Pediatric intensive care unit beds at Massachusetts General for Children were operating at 150% capacity on Thursday, as cases of RSV continued to overwhelm regional hospitals.
“All of [the state’s pediatric hospitals] are full every single day,” said Dr. Brian Cummings, medical director in the Department of Pediatrics at Mass General for Children, speaking at a news briefing. “At any given time point, when you look in the morning, there are no available pediatric ICU beds. There are no available pediatric general care beds. Almost all of us are operating over capacity.”
To address the crisis, the health system and the hospital have activated incident management teams and are meeting daily to discuss capacity and resources, some of which are in short supply, such as nebulized albuterol, a treatment that opens the airways to help patients breathe.
Like many of its peers, the health system has postponed scheduled surgeries. Additionally, clinicians are educating community hospitals and emergency rooms on how to deliver oxygen support, normally administered on a hospital floor once patients are admitted. Some children who need ICU-level care are also being treated in regular hospital settings, because of a lack of beds. On Thursday alone, the hospital was providing care to seven more patients than it could accommodate in its pediatric intensive care unit.
The U.S. Department of Health and Human Services is also providing training and resources to hospitals. .
For now, RSV cases are continuing to climb at Mass General Brigham. In October, the system saw 2,000 cases of the virus. It has seen another 1,000 cases in just the first week of November. Of those, 250 have required some level of hospitalization, and 10 to 20% have required intensive care unit beds.

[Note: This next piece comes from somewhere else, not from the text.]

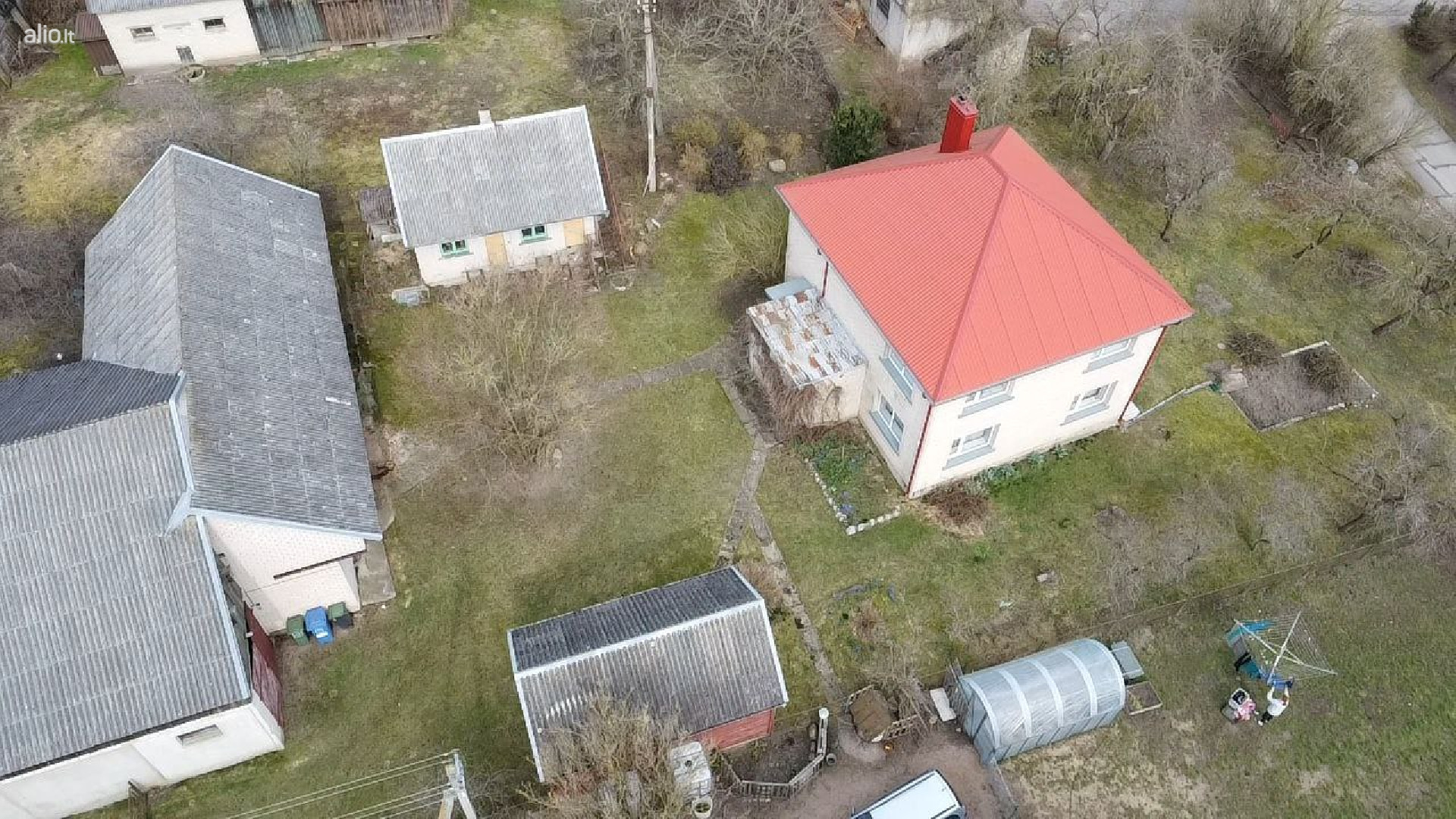 Parduodamas erdvus, įrengtas mūrinis 2 aukštų namas Šakių raj. Sudargo km.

That has quickly overwhelmed the 14 pediatric intensive care unit beds at Massachusetts General for Children, forcing some patients over the age of 15 to be cared for in adult beds, and requiring that the system open neonatal intensive care unit beds for children slightly older than the age group NICUs typically care for.
Clinicians said that masking would decrease transmission, but didn’t go so far as to suggest that children resume wearing masks in schools and daycares. Clinicians also emphasized the need for good hygiene: hand washing, cleaning common surfaces, and avoiding socializing with those who are ill.
It was unclear if cases of RSV were nearing their peak, though the clinicians said they expect cases would level off in the coming weeks or months.
“I think we’re in uncharted territory,” said Dr. Paul Biddinger, chief preparedness and continuity officer for Mass General Brigham.
Clinicians noted that the vast majority of children infected with RSV would recover. Parents should call their pediatrician if their children seem unusually tired, if they are working harder than normal to breathe or not drinking fluids. Children at highest risk of hospitalization are typically younger or have chronic conditions such as heart disease.
“Usually those hospitalizations are brief, but it can be very severe,” said Cummings. “And so some patients may need breathing support in the pediatric intensive care unit.”
The physicians also recommended that parents avail themselves and their children of vaccines for flu, COVID, and other transmissible diseases.